GOAL OF THE EXERCISE: Starting at the line that contains "Creative nail set", copy every line through the end of the records below exactly as written, leaving out pictures.

=== DATASET RECORDS ===

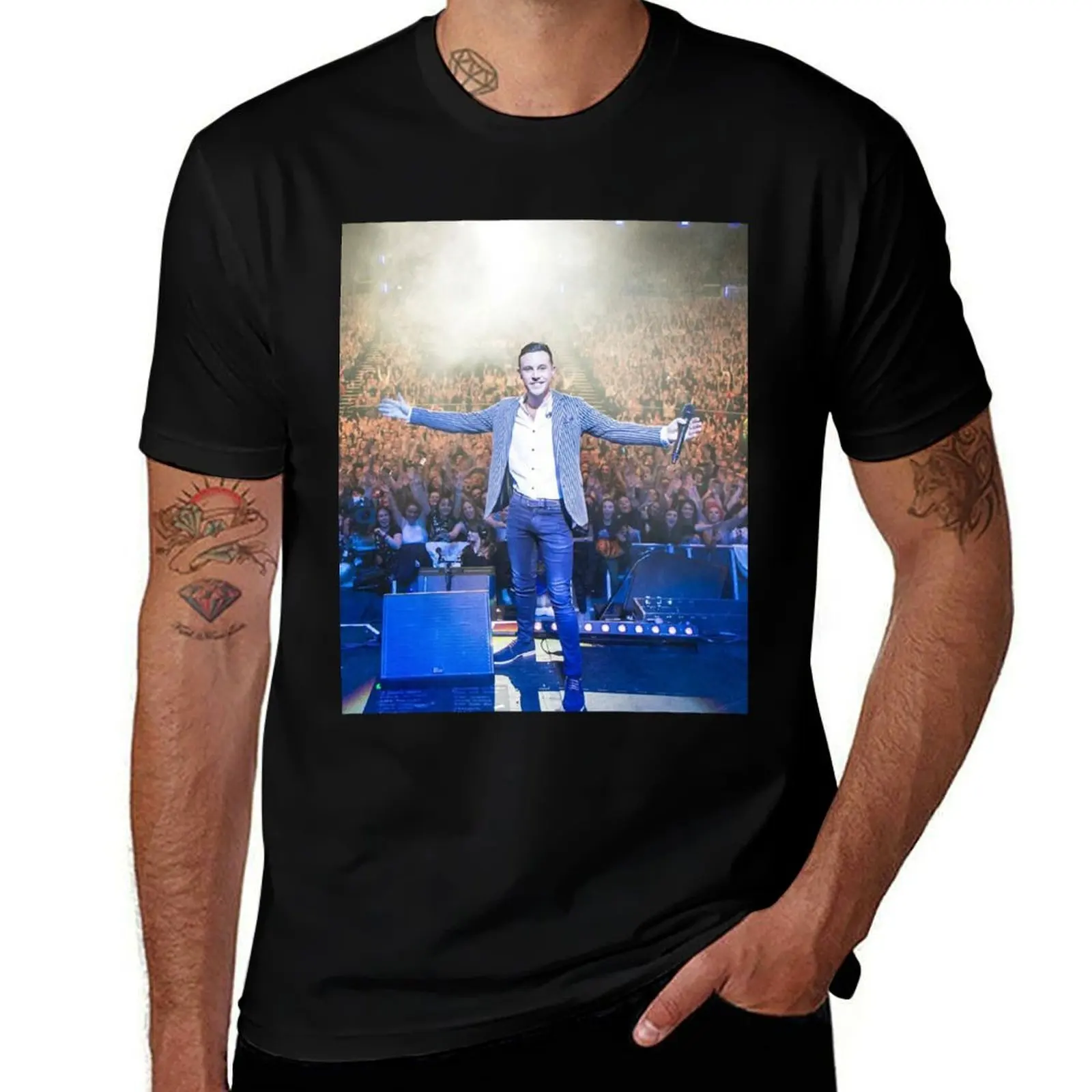 

Day Gift Nathan Carter Performs On Concert Tour Memories Cool Gift T-Shirt funny t shirts cotton T-Shirt
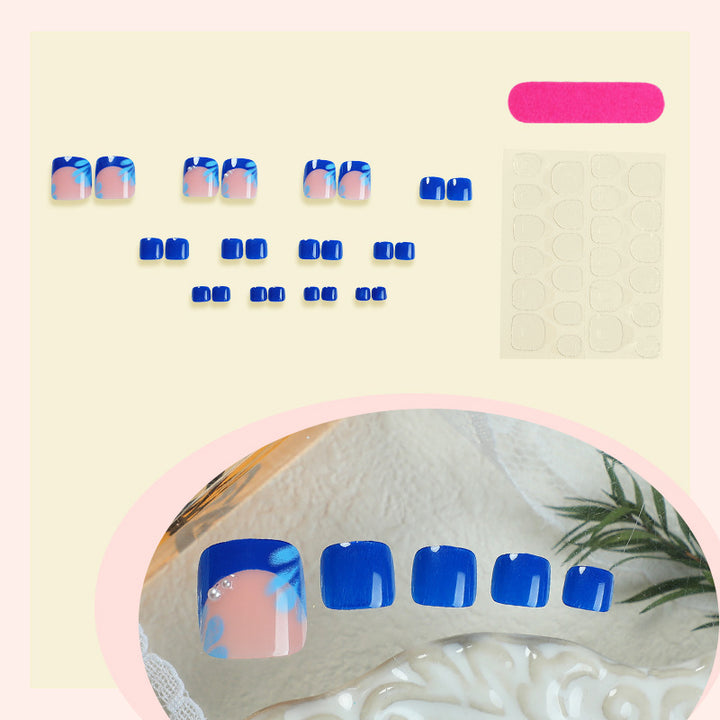 Creative nail set with floral design and colorful accents Bowlift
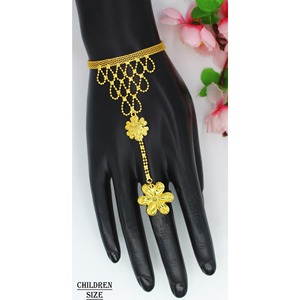 สร้อยข้อมือ เครื่องประดับ ราคาส่ง ผู้หญิง เครื่องประดับเด็ก ดูไบ อินเดีย ชุบทอง เด็ก วัสดุทองเหลือง เครื่องประดับดูไบ อินเดีย - Product Image 1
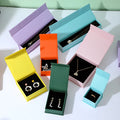 Logo Custom Paperboard Magnetic Boxes Small Gift Packing Paper Jewelry Box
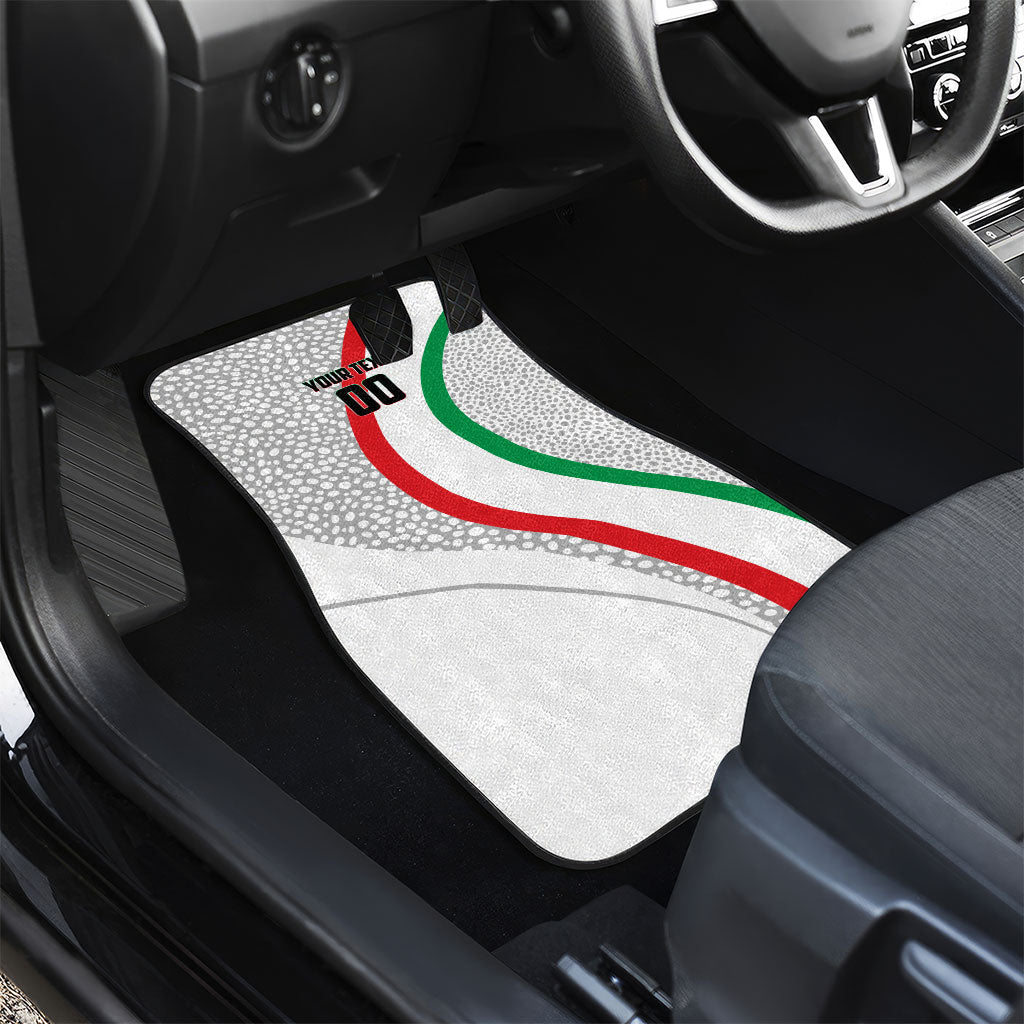 Personalized Iran Football Cheetah Car Mats Persian Cheetah Graphic With Iranian Flag And Symbol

===

RESPONSE:
 Creative nail set with floral design and colorful accents Bowlift
 สร้อยข้อมือ เครื่องประดับ ราคาส่ง ผู้หญิง เครื่องประดับเด็ก ดูไบ อินเดีย ชุบทอง เด็ก วัสดุทองเหลือง เครื่องประดับดูไบ อินเดีย - Product Image 1
 Logo Custom Paperboard Magnetic Boxes Small Gift Packing Paper Jewelry Box
 Personalized Iran Football Cheetah Car Mats Persian Cheetah Graphic With Iranian Flag And Symbol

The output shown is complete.